* **AIM OF THE EXERCISE**:
What you write must match, character for character, the lines from the one with "Anhänger STERNBILD SCHÜTZE" down to the one with "I Love My Labradoodle" in the listing below, minus its pictures.

* **PROVIDED DATA**:

*** Block opens ***

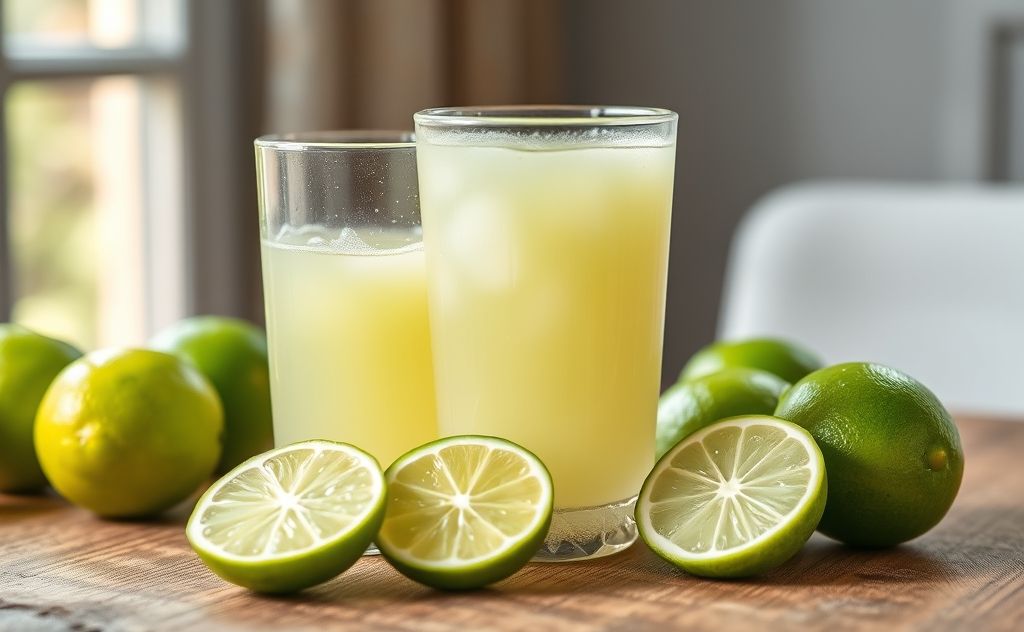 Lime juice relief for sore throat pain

*** Block closes ***
*** Block opens ***

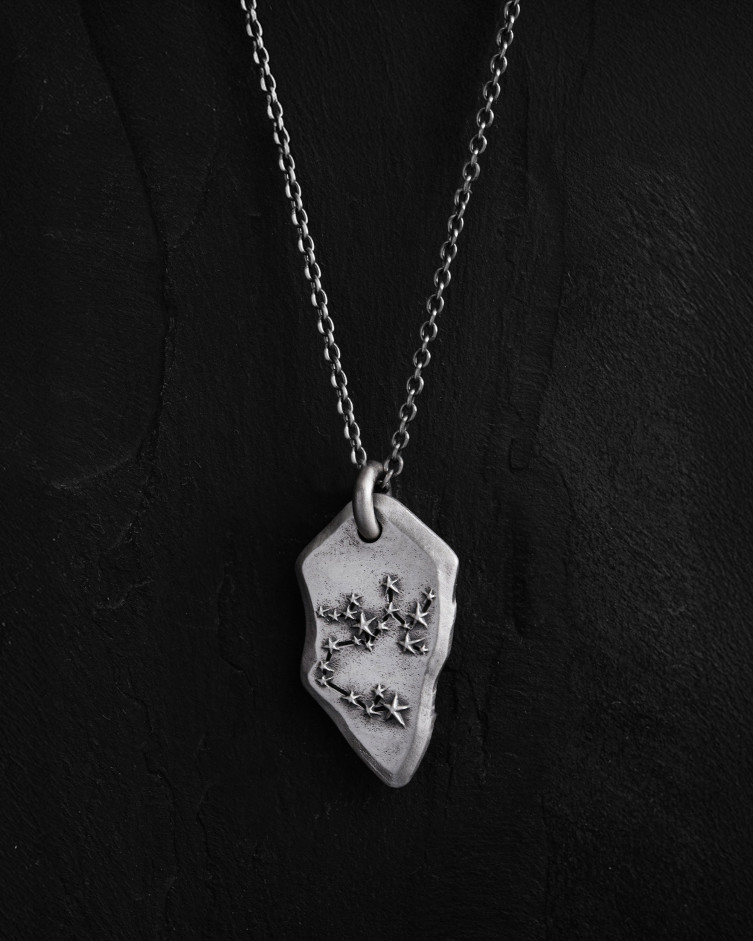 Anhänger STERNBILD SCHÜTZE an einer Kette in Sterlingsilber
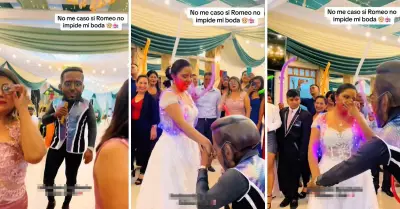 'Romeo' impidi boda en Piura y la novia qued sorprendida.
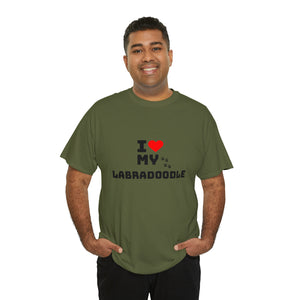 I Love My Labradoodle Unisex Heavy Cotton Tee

*** Block closes ***
*** Block opens ***

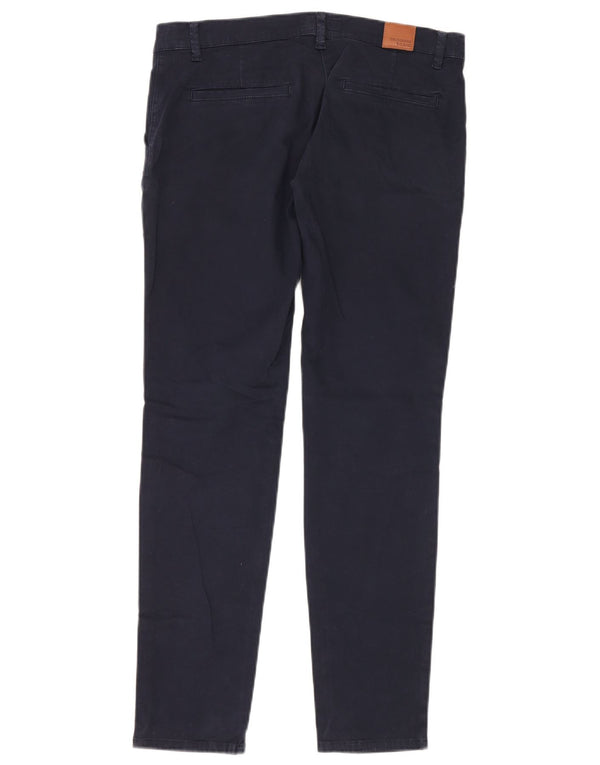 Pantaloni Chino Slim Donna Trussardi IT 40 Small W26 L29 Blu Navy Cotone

*** Block closes ***

* **SOLUTION BELOW**:
 Anhänger STERNBILD SCHÜTZE an einer Kette in Sterlingsilber
 'Romeo' impidi boda en Piura y la novia qued sorprendida.
 I Love My Labradoodle Unisex Heavy Cotton Tee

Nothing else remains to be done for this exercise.